Parada de espaldas no la había visto, estaba concentrada girando lo que sin
dudas sería el estofado; pese a los años, ese perfume era inconfundible. No podía decir nada, en un segundo había perdido la
voz, sólo pudo toser.
Hola nena... no te
escuché entrar... –dijo la anciana girándose con la cuchara de madera en la
mano. Has llegado justo en tiempo, ¿te quedas a almorzar?
Ella seguía muda,
inmóvil en mitad de ese espacio lleno de recuerdos. Su tía apareció por detrás,
y como si supiera que estaba a punto de caer, la sujetó por la cintura.
Mamá... ¿viste quién
vino a visitarte? –preguntó su tía sin soltarla.
La nena... –respondió la
anciana. La amiga de Fer... ¿se queda a comer?

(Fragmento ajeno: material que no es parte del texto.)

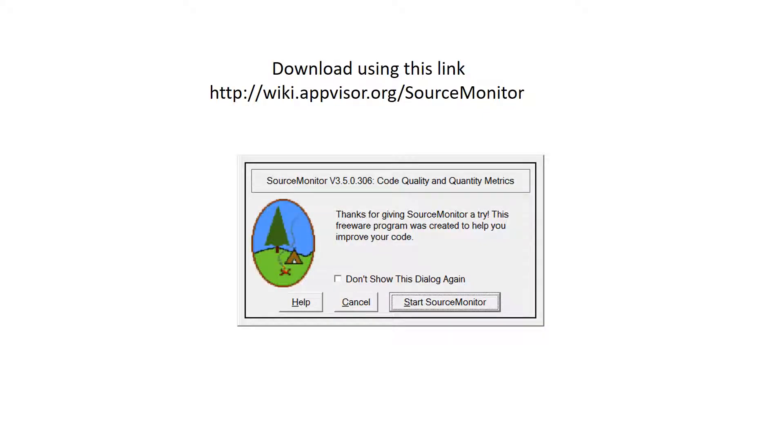Hello everyone, my name is Yasser. In this video I'm going to introduce you to a SourceMonitor software.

La escuchaba y era como que el tiempo transcurría en cámara lenta,
nada tenía sentido; y a la vez, todo comenzaba a encajar perfectamente. Por
ello él le había hecho prometer que iría hasta allí. Le había hecho entender
que se lo debía, sino a otra persona, a ella misma. Su nonna ya no recordaba todo,
había olvidado muchas cosas, entre esas, a ella.
Nena... yo ahora me
voy a dormir la siesta, ya estoy grande para aguantar tantas horas en pie... –comenzó
a decir su nonna soltándole la mano que había sujetado por todo el almuerzo y
acariciándole el rostro. Tienes unos ojos hermosos, una mirada con luz... espero vuelvas otro día...
Seguro... –respondió ella. ¿Por qué no?
No pudo evitar romperse en llanto. Ella estaba preparada para todo, para los reproches, para las
recriminaciones... para todo, menos para lo que había pasado. Menos para que su nonna no la
reconociera, menos para no poder disculparse. Menos para darse definitivamente cuenta que, tal vez, ya era demasiado tarde para volver.